■ **Directions for this task**
Using the data below, restate exactly every line from the one with "Mieszkanie 3-pokojowe Nowy" up to and including the one with "ENES Jackets Camel Jackets". No picture belongs in it.

■ **Records for the task**
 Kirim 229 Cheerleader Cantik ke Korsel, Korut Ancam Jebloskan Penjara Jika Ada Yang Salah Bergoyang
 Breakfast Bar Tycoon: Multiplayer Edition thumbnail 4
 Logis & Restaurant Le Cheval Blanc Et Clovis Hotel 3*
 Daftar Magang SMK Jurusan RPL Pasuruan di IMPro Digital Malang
---
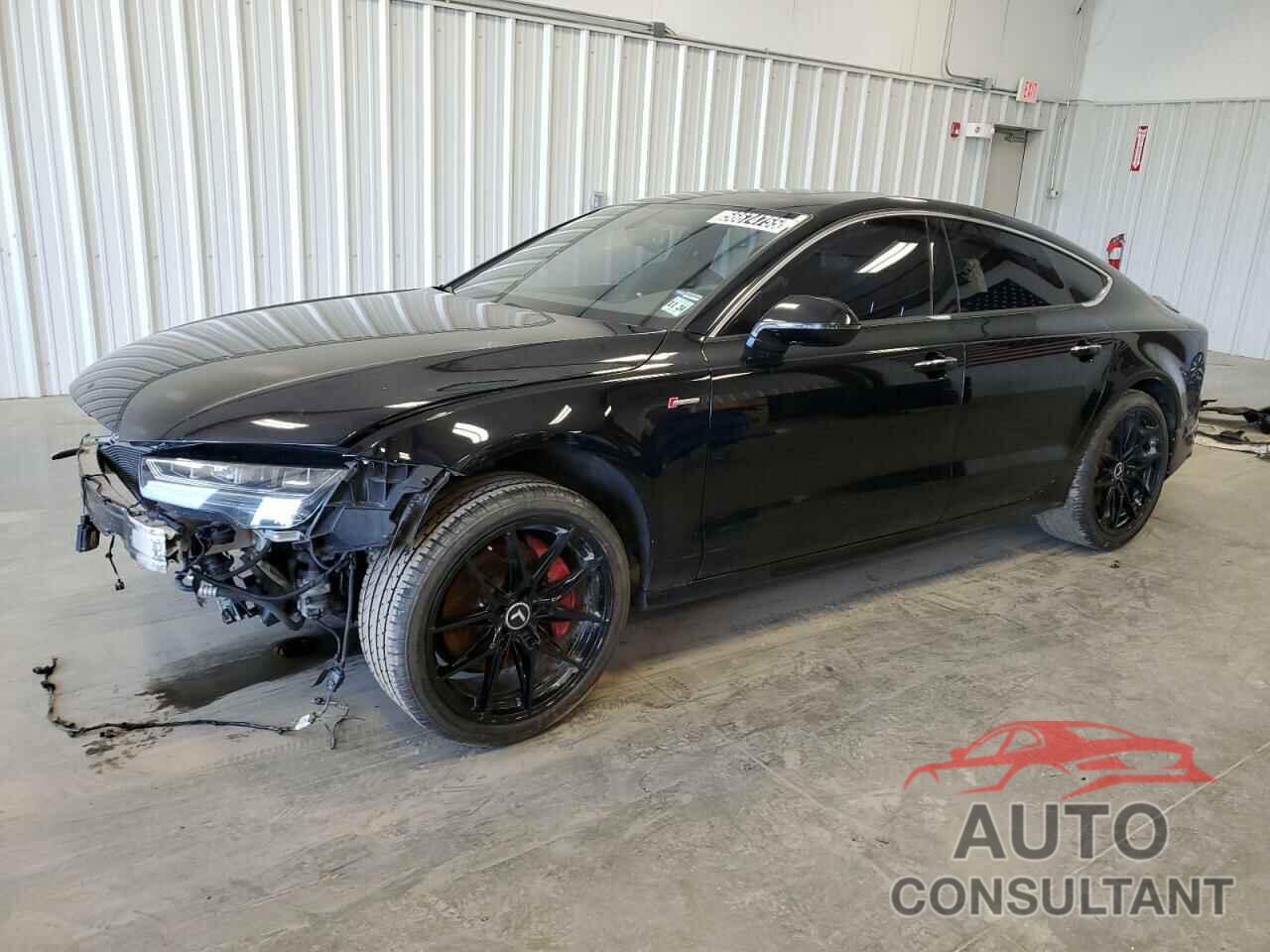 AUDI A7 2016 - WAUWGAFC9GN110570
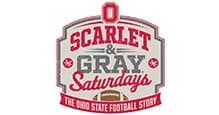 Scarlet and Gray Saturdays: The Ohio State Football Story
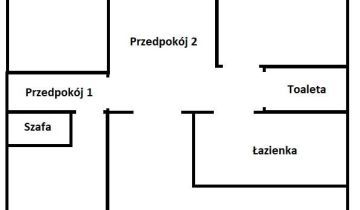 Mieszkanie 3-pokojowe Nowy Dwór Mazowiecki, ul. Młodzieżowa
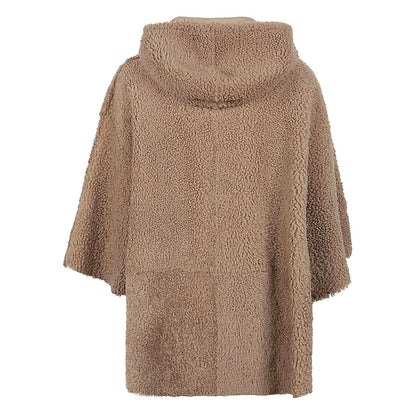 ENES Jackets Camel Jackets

■ **Solved problem**
 Mieszkanie 3-pokojowe Nowy Dwór Mazowiecki, ul. Młodzieżowa
 ENES Jackets Camel Jackets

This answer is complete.